Children 'crucified' by Isis for not fasting in holy month

TWO children have reportedly been "crucified" by Isis for not fasting during the holy month of Ramadan.

The boys, believed to be under the age of 18, were killed in Syria and their bodies displayed with placards hung around their necks announcing their "crime".

Their deaths in the town of Mayadin, Deir Ezzor province, were reported by the UK-based Syrian Observatory for Human Rights on Monday.

Founder Rami Abdel Rahman said residents reported the boys' bodies were "suspended from a crossbar" near the so-called Islamic State's religious police headquarters.

"Apparently, they were caught eating," he told the AFP news agency, adding that the signs hung around their necks claimed they broke the Ramadan fast "with no religious justification".

According to the Muslim Council of Britain, the requirement for Muslims to abstain from taking food, water of sexual relations from sunrise to sunset during the month does not apply to children, pregnant women, the ill, elderly or people who are travelling.

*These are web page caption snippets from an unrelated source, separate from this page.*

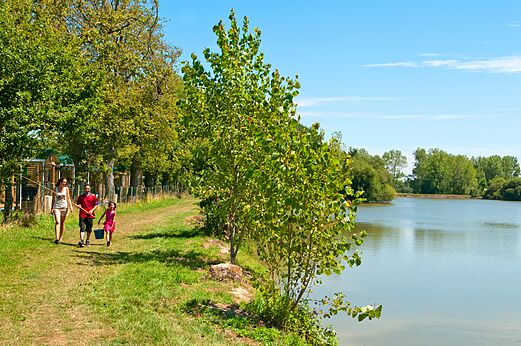 Familie vist aan de oever van het natuurlijke meer op camping CAPFUN Forges in Avrille (85).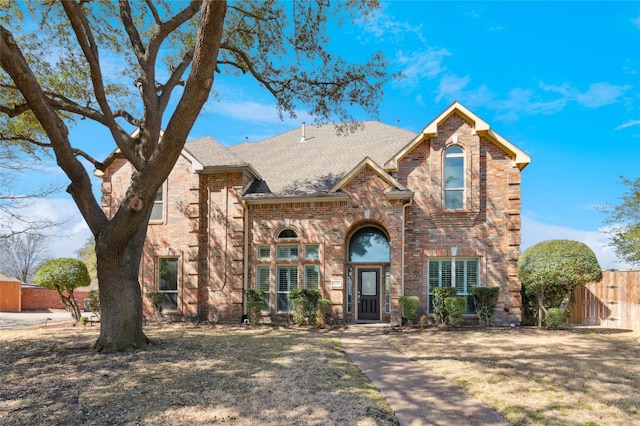 traditional-style home with roof with shingles, fence, and brick siding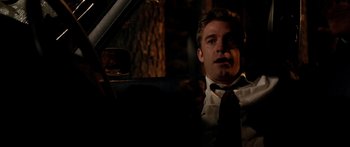 Movie still from “The Strangers” (2008), directed by Bryan Bertino – A man sitting in the driver's seat of a car; Close Up shot, Low angle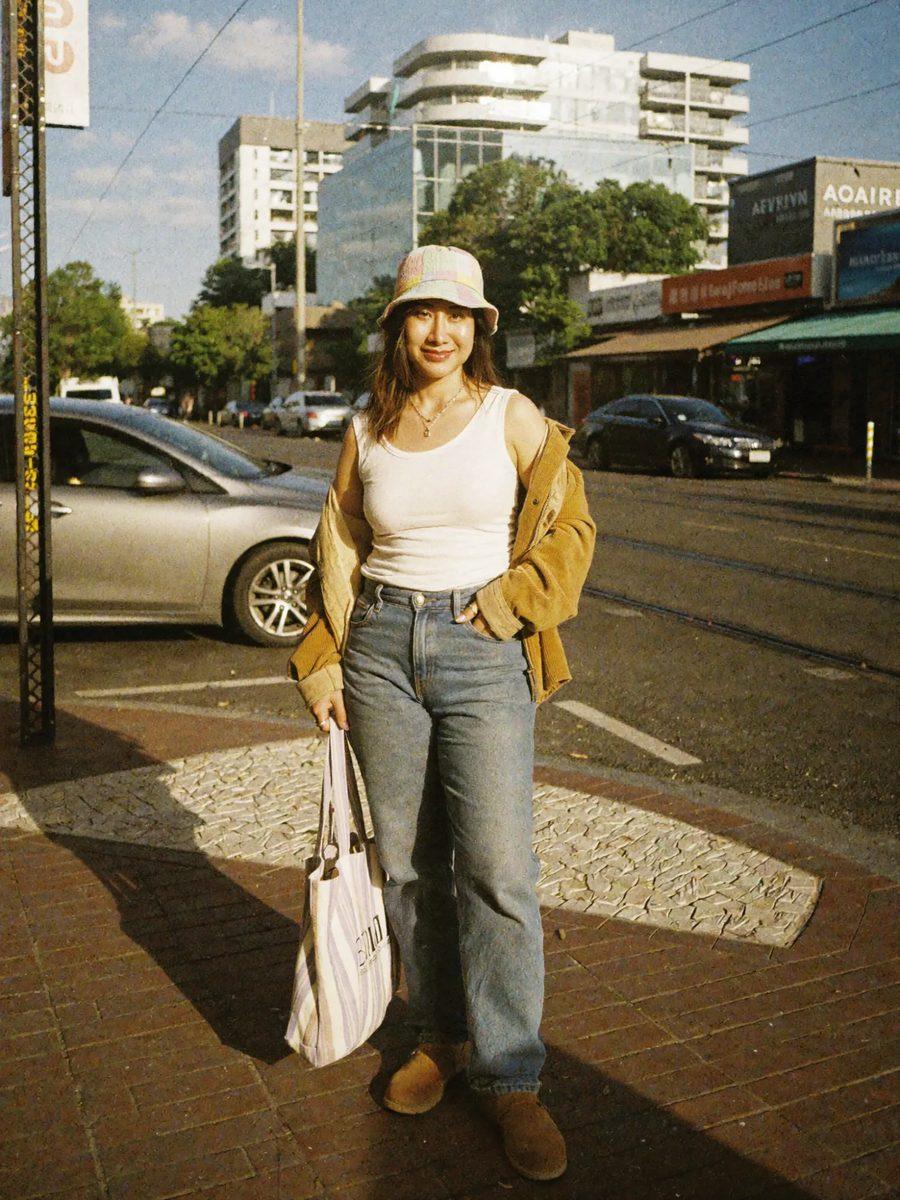 Real photo of Ami in a tan corduroy jacket, white tank and jeans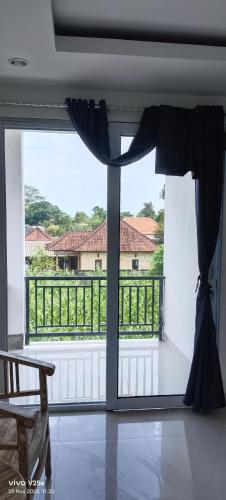 Balkón nebo terasa v ubytování Lumbung Sari Home Stay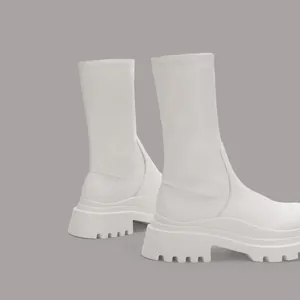 Detailed side view of white platform elastic mid-calf boots with chunky lug sole.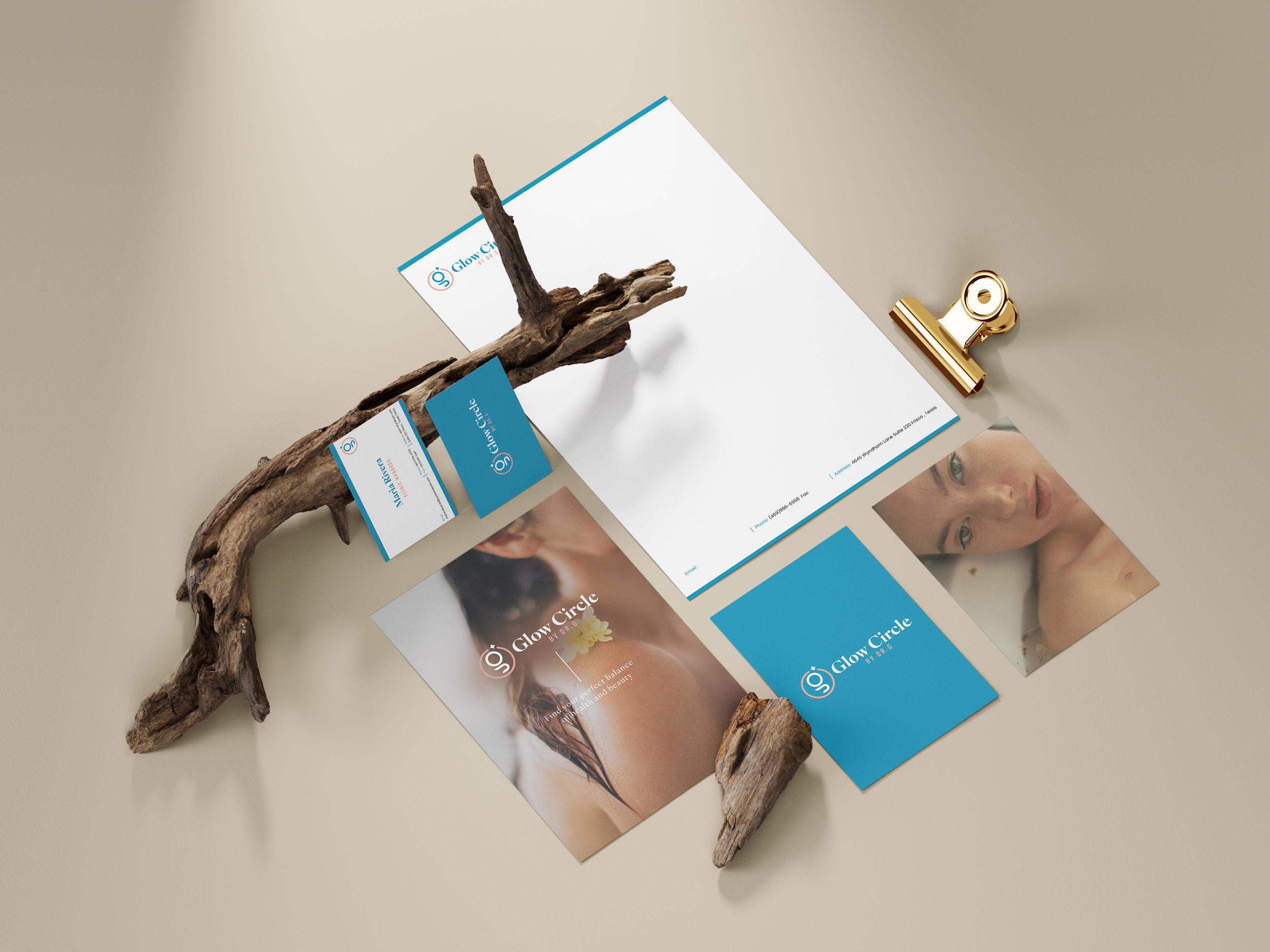 Collection of promotional materials for Glow Circle, including business cards, brochures, a photograph of a woman's face, and a piece of driftwood, on a beige surface.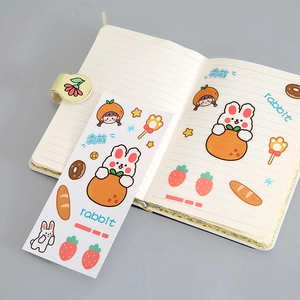 Cute cartoon rabbit PVC stickers with strawberry designs applied on a white notebook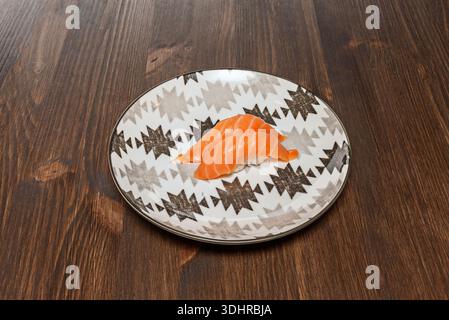 Verschiedene Sushi-Platte mit frischem Lachs in verschiedenen Zubereitungen, wie Nigiri und Brötchen, begleitet von einer Portion Stockfoto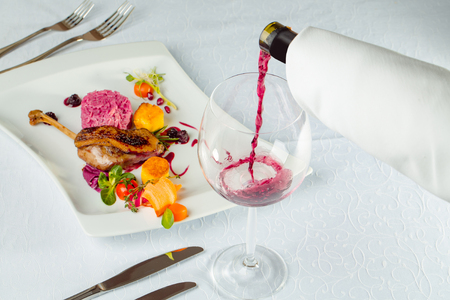 Confit duck or goose leg crisp delicious with colorful garnish on blackberry sauce served in restaurant with cutlery and red wine on white backgroundの写真素材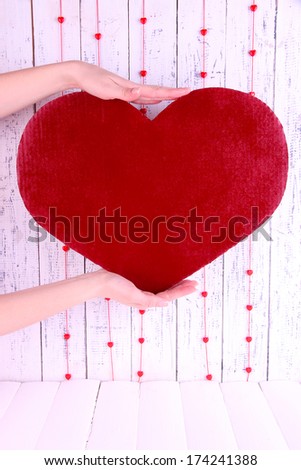 Hands holding big red heart on wooden background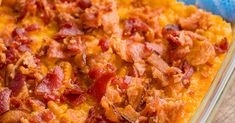 a casserole dish with bacon and cheese on top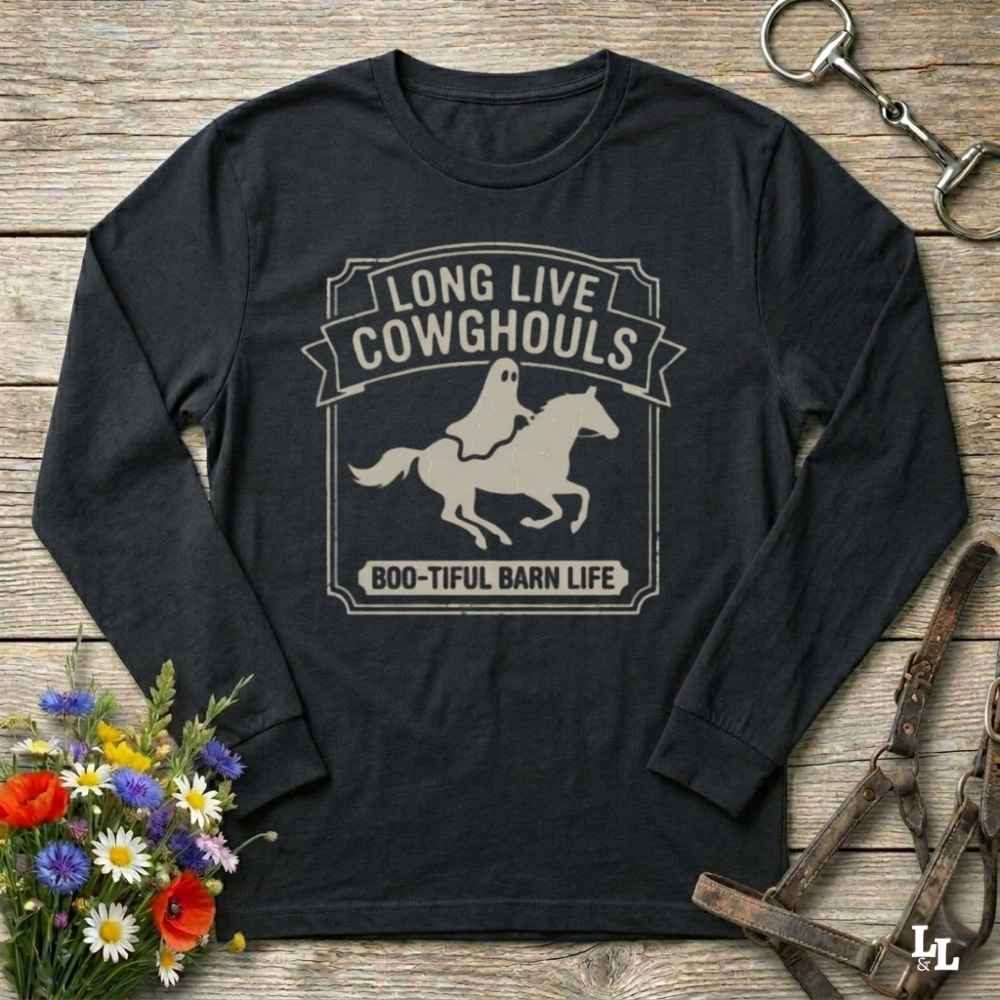 A black long-sleeve t-shirt with a distressed beige graphic that reads 'LONG LIVE COWGHOULS' and 'BOO-TIFUL BARN LIFE' surrounding a ghost riding a horse silhouette. The shirt is displayed flat on a rustic wooden background with Halloween-themed props including a bouquet of flowers, a horse bit, and a leather bridle.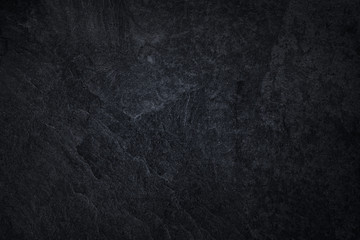 Dark grey black slate background or natural black stone texture.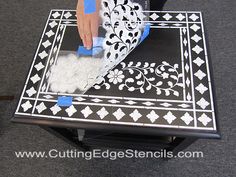 a person using a sponge to paint a table with black and white designs on it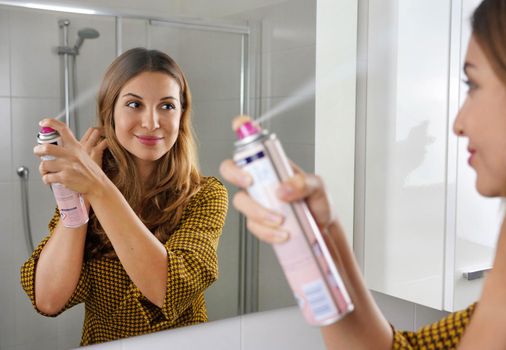 Fast and easy way to covering grey hair with instant spray dye. Young woman applying dry shampoo on her hair before going out.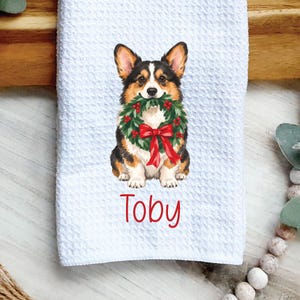 May include: A white waffle-textured kitchen towel featuring a printed illustration of a tricolor Corgi dog holding a green Christmas wreath with a red bow in its mouth, with the name Toby printed in red text below the dog.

It is not the first time children have been killed or crucified by Isis - in February, a UN Committee on the Rights of the Child report recorded "several cases of mass executions of boys, as well as reports of beheadings, crucifixions of children and burying children alive".

A month later, the UN High Commissioner for Human Rights reported that Sharia courts in the group's Iraqi stronghold of Mosul were sentencing people to "crucifixion" for banditry, as well as passing down sentences including stoning and amputation for minor and unproven offences.

Mayadin is one of many towns in Deir Ezzor captured by the extremist group during the Syrian civil war.

Three more "crucifixions" were reported today in al-Kasra, another Isis-held town in the province.

The Syrian Observatory reported that the men were executed before their bodies were hung up but the reason they were killed was unclear.

A penal code published by the extremist group specifying a set of fixed punishments in its territories across Syria and Iraq in January included "death and crucifixion" for murder and stealing.

But "crucifixions" by Isis have been reported extensively since the group's advance last year and the gruesome punishment appears to have been used for several alleged crimes.

Isis militants do not appear to crucify people by nailing or tying them to a cross as a method of execution, but use crosses and bars to pose bodies after people have been killed to terrorise civilians in their territories.